While exercising today, I finished Lust,Caution by Ang Lee.  This film pushes boundaries like Brokeback Mountain, sexual boundaries and the question of love ignited in impossible situations.  It is a brave film, both for the director and for the two lead characters.  The context is the Japanese occupation of China.  Most of the film takes place in occupied Shanghai.  The struggle between the resistance and the Japanese, which forms the overall storyline, portrays the complex choices people make in situations that test loyalties at their core.

The technical skills in Asian cinema–Chinese, Japanese, Taiwanese, Hong Kong, Korean, Singaporean, Thai–has developed over many years.  We are now beginning to see films that push into the east/west osmotic filter from both directions.  This is a rich and interesting time for cinema from Asia and I feel lucky to participate.

Back In Its Own Stall

79  bar falls 29.84 1mph ENE dew-point 61   Summer, hot, moving toward muggy

Waxing Crescent of the Thunder Moon

The cracks in the red car’s head were tiny.  I saw them.  They ran, in one instance, down the threads that hold the spark plug in place.  While threading in a spark plug or under pressure, these cracks could have broken loose and allowed oil and exhaust gases to invade the spark plug and generally foul things up.  Carlson was thoughtful in showing them to me.

We’ve sunk almost $5,000 in this car this year.   That’s almost a year’s car payments.  Even so, we could put in the same amount next year and still be ahead of the game.  It runs quite well now, though there is that piece that fell off on the way home.  No kidding.  A big chunk of something fell off.  I’m going to take it back and ask them about it, but not today.  It looks like a shield or rock barrier, not metal, rather some kind of composite, tarpaper like material.

It’s 31-32 miles per gallon on the highway alone justifies keeping it in our two vehicle collection.  The pick-up we’ll park for the most part in the not too distant future.  $90 a tank to fill it up.  Ouch.  And it sucks the gas down, too, with its v-8.  What were we thinking?  It is, though, a useful vehicle for errands and landscape chores.  Another advantage is its four-wheel drive.  (Oh, come to think of it, that’s what we were thinking.  In 1999, when we bought it, Kate still had call and  hospital duty.  She had to be able to get to where she was needed.) That makes it potentially important in a severe winter situation.  Besides, pick-ups and SUV’s have lost significant value.  We could get nowhere the value it is to us.  So, it will stay, too.

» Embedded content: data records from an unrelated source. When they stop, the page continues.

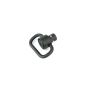 Крук Антабка QD 25mm Black (9095A)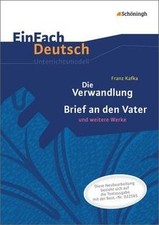 EinFach Deutsch Unterrichtsmodelle: Franz Kaf...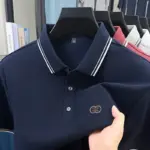 100% Cotton Polo Shirts For Men - Image 5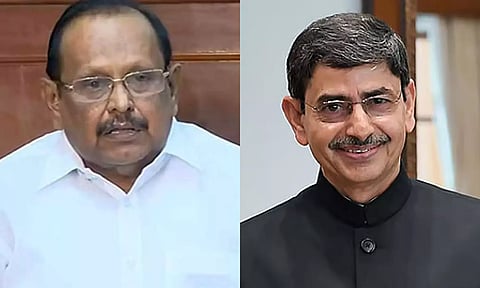 பிரதமரே ஒத்துக்கொள்வதால் கவர்னர் இனி என்ன சொல்லப்போகிறார்? - ரகுபதி கேள்வி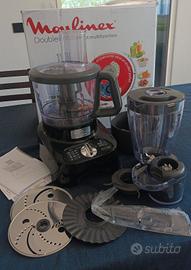 ROBOT DA CUCINA MOULINEX 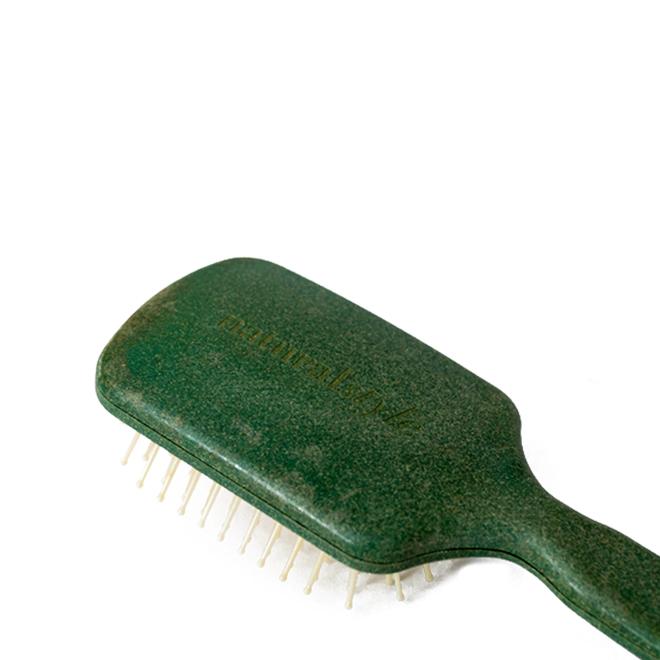 Četka Natural Style Eco Pravokutna zelena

Our neighbor went to bed apparently healthy, then woke up the next day with MS.  A striking and sudden life change.  It has occasioned a major alteration in their lives.  They went from the salary of a 58 year old career civil servant at the peak of  his career to a fixed income household.  This was six months ago.

How it will affect their family dynamics over the long haul is an open question.  The prednisone  makes  him cranky.  He’s gone from an active guy who built his own observatory and sailed Lake Superior to a wobbly man who can no longer read.  His mental acumen seems fine, but for now he wanders, lost in the bewilderment of this rapid change, as well he might be.

Today is an inside day.  I’m going to write on Superior Wolf, get ready for my research on Unitarian Universalism in the Twin Cities and, maybe, crack the case and clean off my cooling fan.